Restate word for word the lines below from the one that has "NFL games on" through the one that has "I Steal Your", keeping both and dropping all pictures.

● EXERCISE MATERIALS:
########

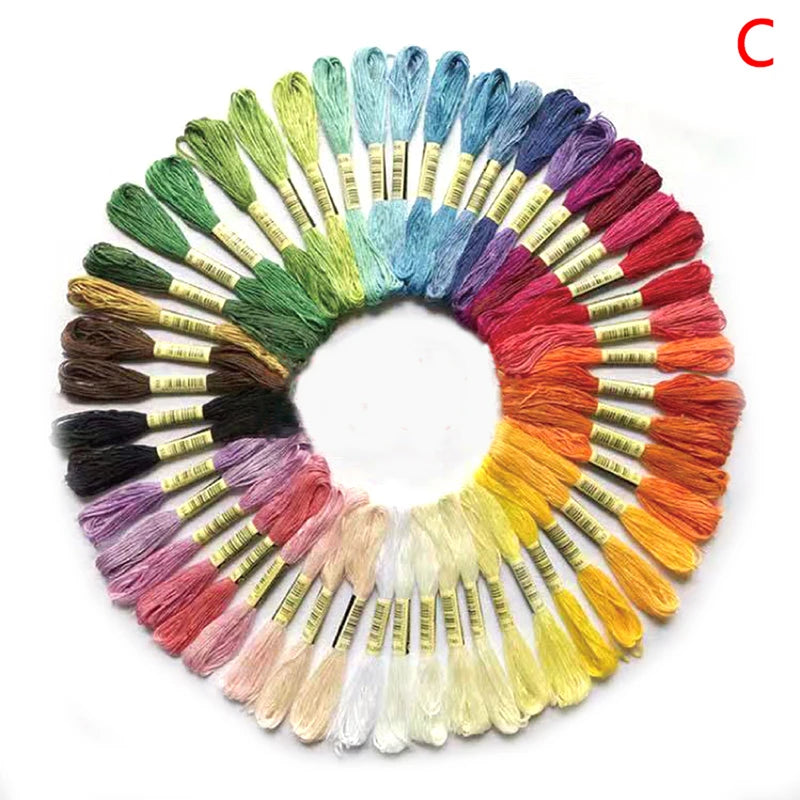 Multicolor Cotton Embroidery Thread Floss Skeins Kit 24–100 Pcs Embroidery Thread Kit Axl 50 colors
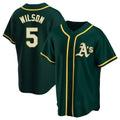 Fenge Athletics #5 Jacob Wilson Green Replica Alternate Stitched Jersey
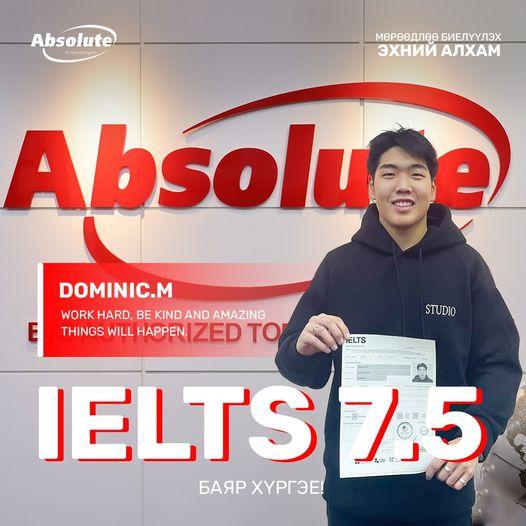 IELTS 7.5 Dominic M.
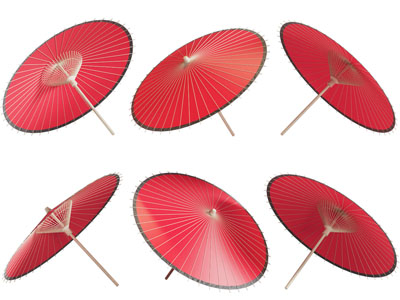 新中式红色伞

########

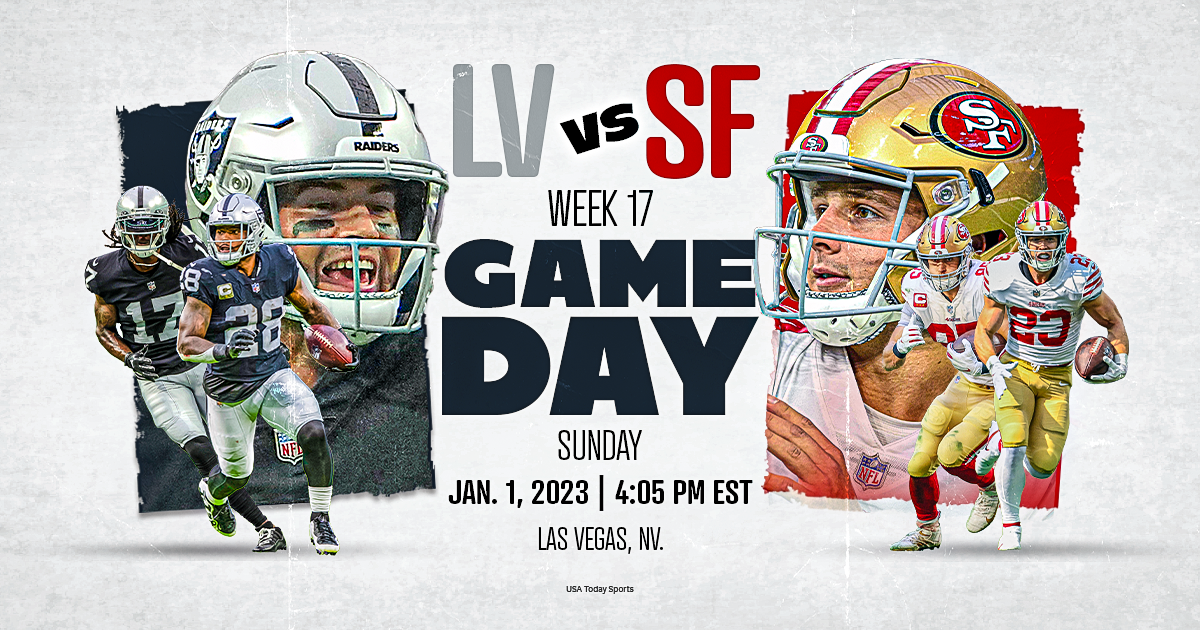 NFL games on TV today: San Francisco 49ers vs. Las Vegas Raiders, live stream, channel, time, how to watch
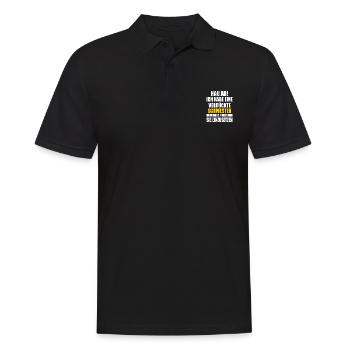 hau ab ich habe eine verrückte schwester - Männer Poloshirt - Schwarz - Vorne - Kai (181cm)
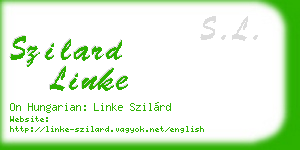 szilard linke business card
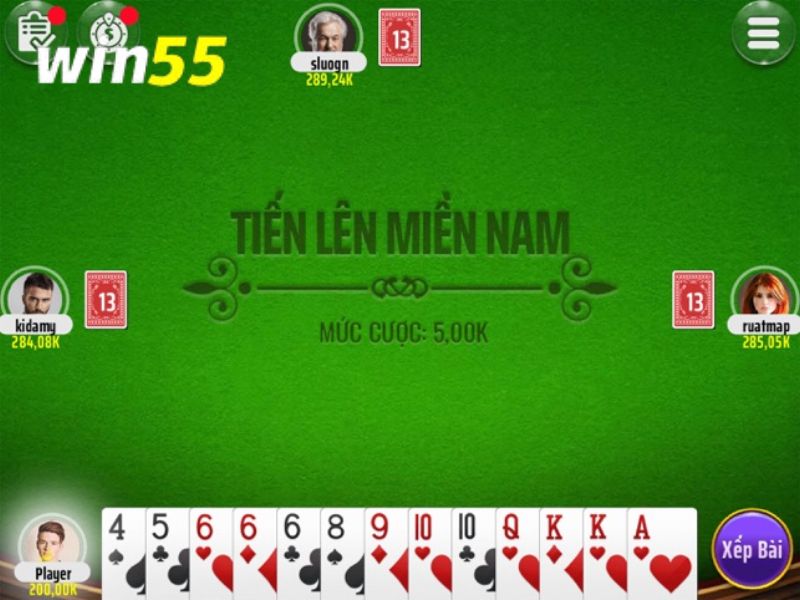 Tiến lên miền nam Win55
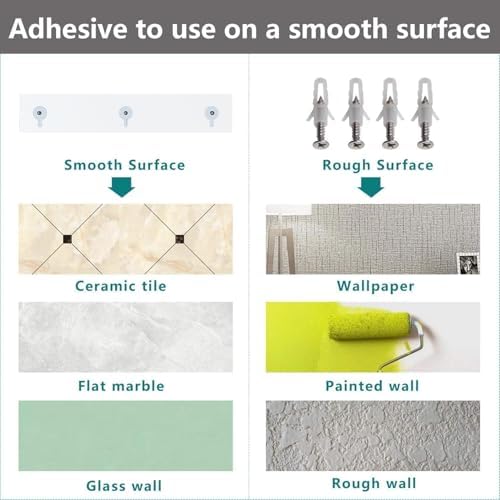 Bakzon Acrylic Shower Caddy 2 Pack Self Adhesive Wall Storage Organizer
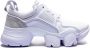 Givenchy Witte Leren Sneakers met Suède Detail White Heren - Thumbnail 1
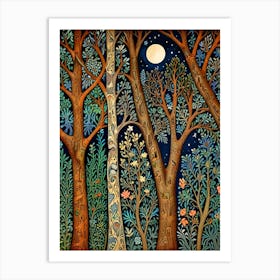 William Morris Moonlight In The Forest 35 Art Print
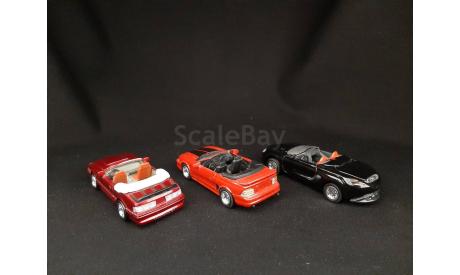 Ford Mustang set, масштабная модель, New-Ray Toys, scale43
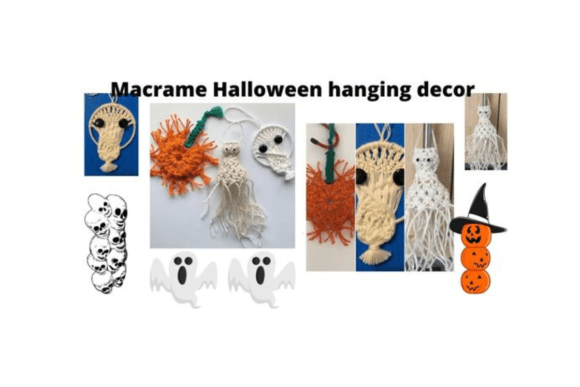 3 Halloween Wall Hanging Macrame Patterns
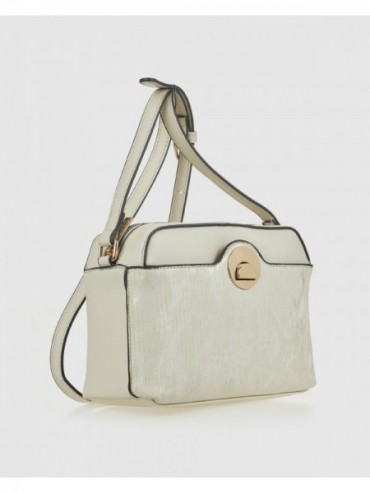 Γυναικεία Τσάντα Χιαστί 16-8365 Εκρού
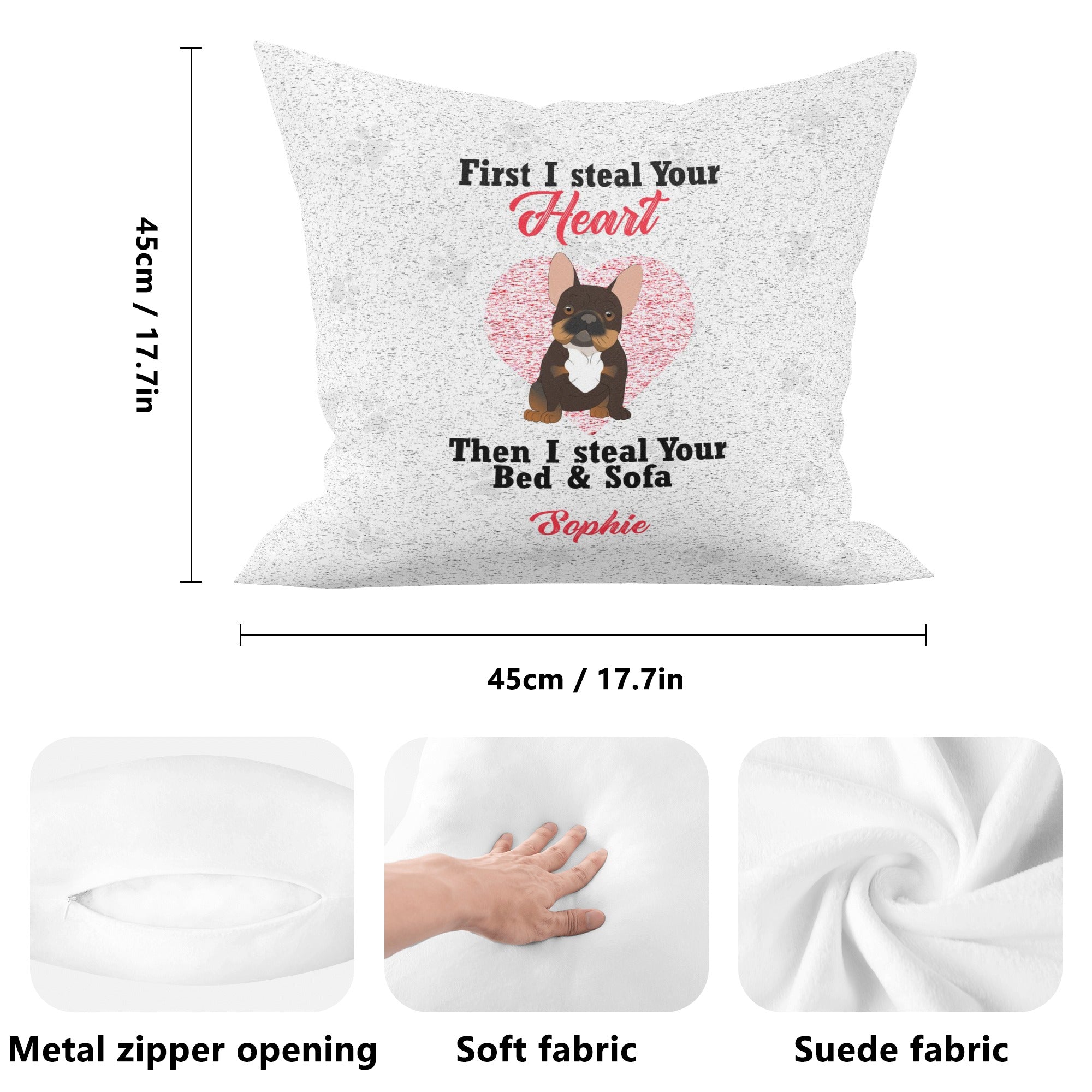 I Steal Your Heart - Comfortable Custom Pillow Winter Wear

########

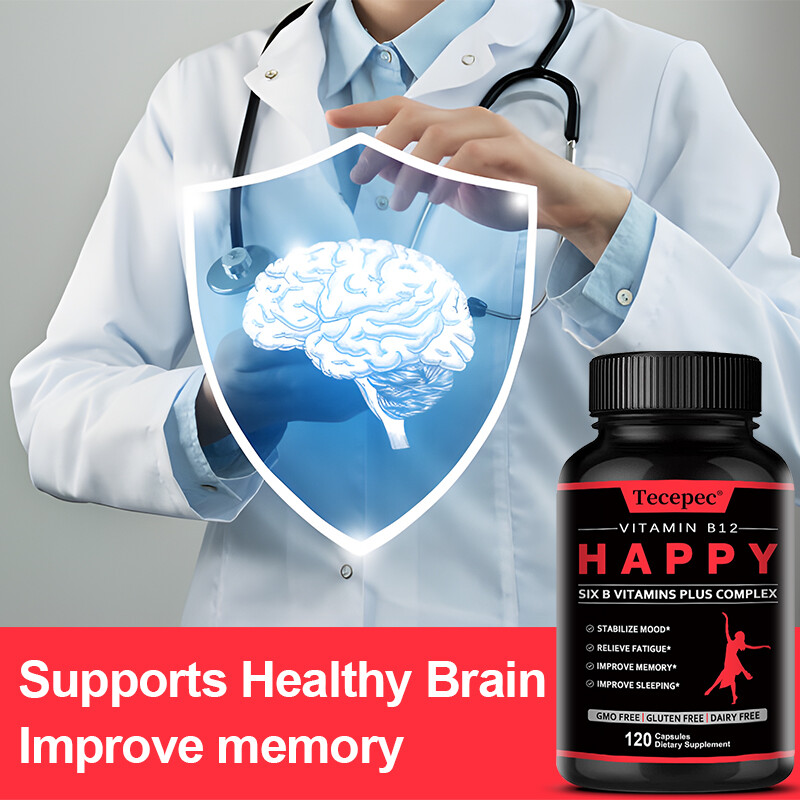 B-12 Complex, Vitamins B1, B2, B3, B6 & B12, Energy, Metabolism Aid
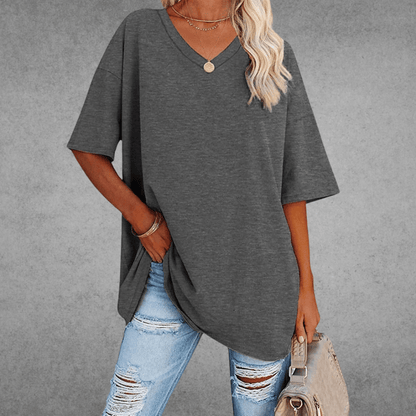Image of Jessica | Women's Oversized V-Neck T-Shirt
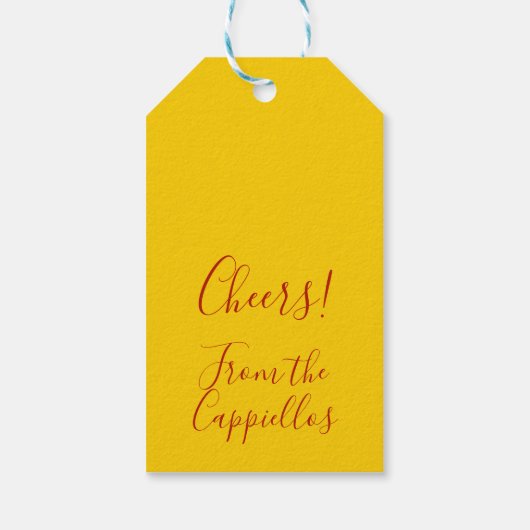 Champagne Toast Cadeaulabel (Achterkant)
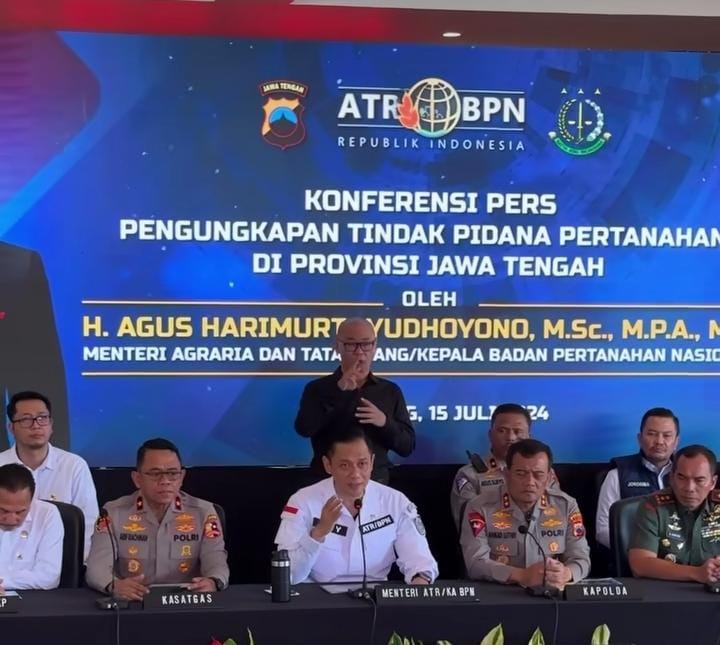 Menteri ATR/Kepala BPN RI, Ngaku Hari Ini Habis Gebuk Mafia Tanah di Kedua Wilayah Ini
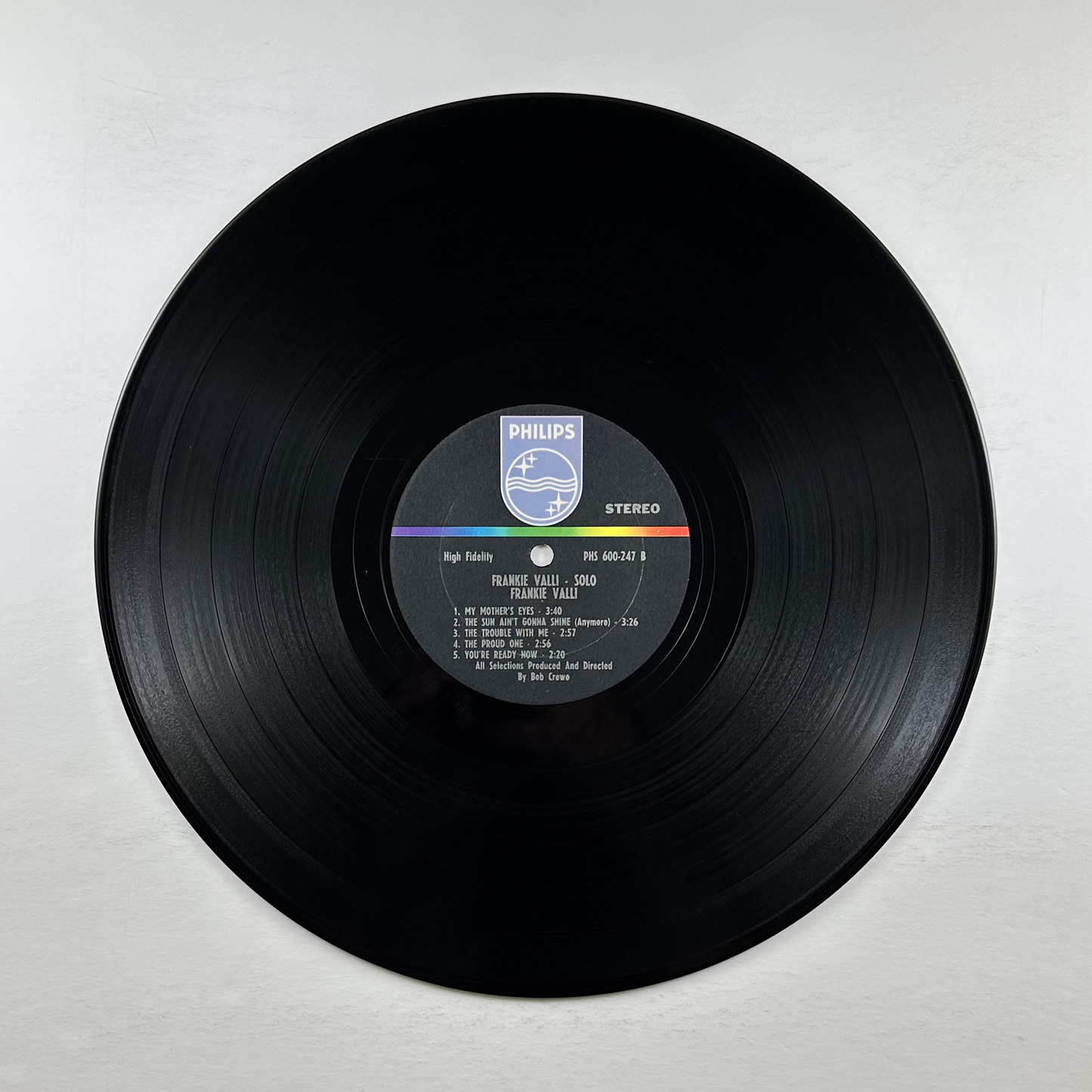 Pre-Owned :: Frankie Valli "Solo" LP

########

● REPLY:
 NFL games on TV today: San Francisco 49ers vs. Las Vegas Raiders, live stream, channel, time, how to watch
 hau ab ich habe eine verrückte schwester - Männer Poloshirt - Schwarz - Vorne - Kai (181cm)
 szilard linke business card
 Tiến lên miền nam Win55
 Bakzon Acrylic Shower Caddy 2 Pack Self Adhesive Wall Storage Organizer
 Givenchy Witte Leren Sneakers met Suède Detail White Heren - Thumbnail 1
 William Morris Moonlight In The Forest 35 Art Print
 Ford Mustang set, масштабная модель, New-Ray Toys, scale43
 3 Halloween Wall Hanging Macrame Patterns
 Γυναικεία Τσάντα Χιαστί 16-8365 Εκρού
 I Steal Your Heart - Comfortable Custom Pillow Winter Wear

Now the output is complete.